**Directions:**
What is needed is an exact copy of the line where "carp streamer, sky" appears plus every later line in the material.

** Records shown follows **

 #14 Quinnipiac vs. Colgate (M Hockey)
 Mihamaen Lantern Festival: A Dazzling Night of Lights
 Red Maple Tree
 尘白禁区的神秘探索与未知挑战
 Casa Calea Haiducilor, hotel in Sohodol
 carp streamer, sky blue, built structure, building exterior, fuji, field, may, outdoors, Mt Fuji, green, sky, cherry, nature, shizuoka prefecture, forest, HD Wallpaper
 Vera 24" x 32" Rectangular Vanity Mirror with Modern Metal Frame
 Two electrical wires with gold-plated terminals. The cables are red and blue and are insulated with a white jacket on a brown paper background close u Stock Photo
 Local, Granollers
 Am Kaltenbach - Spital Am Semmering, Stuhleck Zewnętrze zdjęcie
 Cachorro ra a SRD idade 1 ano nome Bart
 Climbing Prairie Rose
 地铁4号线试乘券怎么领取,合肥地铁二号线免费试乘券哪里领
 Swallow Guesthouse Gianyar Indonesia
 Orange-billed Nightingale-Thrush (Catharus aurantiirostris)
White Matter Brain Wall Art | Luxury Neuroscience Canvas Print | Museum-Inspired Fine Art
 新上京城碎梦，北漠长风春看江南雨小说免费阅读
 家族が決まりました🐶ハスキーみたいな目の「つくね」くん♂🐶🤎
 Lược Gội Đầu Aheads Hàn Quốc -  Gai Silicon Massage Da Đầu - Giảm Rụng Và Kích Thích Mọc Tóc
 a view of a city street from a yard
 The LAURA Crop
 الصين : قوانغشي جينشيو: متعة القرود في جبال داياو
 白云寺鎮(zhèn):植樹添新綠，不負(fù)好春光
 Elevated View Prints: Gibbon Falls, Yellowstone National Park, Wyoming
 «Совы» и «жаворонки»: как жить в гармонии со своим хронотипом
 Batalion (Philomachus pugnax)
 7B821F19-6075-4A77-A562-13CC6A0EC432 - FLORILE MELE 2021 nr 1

** End of Records shown **

**Result:**
 carp streamer, sky blue, built structure, building exterior, fuji, field, may, outdoors, Mt Fuji, green, sky, cherry, nature, shizuoka prefecture, forest, HD Wallpaper
 Vera 24" x 32" Rectangular Vanity Mirror with Modern Metal Frame
 Two electrical wires with gold-plated terminals. The cables are red and blue and are insulated with a white jacket on a brown paper background close u Stock Photo
 Local, Granollers
 Am Kaltenbach - Spital Am Semmering, Stuhleck Zewnętrze zdjęcie
 Cachorro ra a SRD idade 1 ano nome Bart
 Climbing Prairie Rose
 地铁4号线试乘券怎么领取,合肥地铁二号线免费试乘券哪里领
 Swallow Guesthouse Gianyar Indonesia
 Orange-billed Nightingale-Thrush (Catharus aurantiirostris)
White Matter Brain Wall Art | Luxury Neuroscience Canvas Print | Museum-Inspired Fine Art
 新上京城碎梦，北漠长风春看江南雨小说免费阅读
 家族が決まりました🐶ハスキーみたいな目の「つくね」くん♂🐶🤎
 Lược Gội Đầu Aheads Hàn Quốc -  Gai Silicon Massage Da Đầu - Giảm Rụng Và Kích Thích Mọc Tóc
 a view of a city street from a yard
 The LAURA Crop
 الصين : قوانغشي جينشيو: متعة القرود في جبال داياو
 白云寺鎮(zhèn):植樹添新綠，不負(fù)好春光
 Elevated View Prints: Gibbon Falls, Yellowstone National Park, Wyoming
 «Совы» и «жаворонки»: как жить в гармонии со своим хронотипом
 Batalion (Philomachus pugnax)
 7B821F19-6075-4A77-A562-13CC6A0EC432 - FLORILE MELE 2021 nr 1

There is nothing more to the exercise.